そうなると、考えることになるのが、特養です。特養は、数万〜10万円程度と格安で、かつ、設備やサービスが充実していることも多いのです。当然ですが、入居希望者は殺到しており、入居待ちが長蛇の列になっていることがほとんどです。

入居待ちをするようになったら、その理由は、普通は、ベットが満床だからと思うでしょう。しかし、入居待ちになる理由は、働いてくれる職員がいないことだったりするのです。今はまだ、先の記事にあるように、特養のうちの1割程度にすぎないかもしれません。しかし今後はますます、この状況は悪化するでしょう。

人材不足をなんとかしろと言われても・・・

人材不足は、特養のみならず、ほとんどすべての介護事業者に共通する問題です。特に東京都と愛知県では、介護人材の有効求人倍率が5倍を超えており、もはや「誰でもいいから、すぐにでも来てもらいたい」というところも増えています。

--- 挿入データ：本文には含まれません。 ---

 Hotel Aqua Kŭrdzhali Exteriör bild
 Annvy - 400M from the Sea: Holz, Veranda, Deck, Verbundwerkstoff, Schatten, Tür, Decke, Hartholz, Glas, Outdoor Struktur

それでも、そもそも介護業界の待遇は、全業界でもダントツの最下位にあると言われます。介護には高い専門性が求められるにも関わらず、介護業界で働いていると手取りで20万円もいかないケースも多いのです。

そうした業界の有効求人倍率が跳ね上がるのは当然のことです。それでも、売り上げのほとんどを公費(介護保険料と税金)でまかなっている介護業界は、こうした待遇を自助努力で改善する手立てがありません。今後も特養は高値の花となり、本当に運のよい人しか入居できない状況は、さらに悪化しそうです。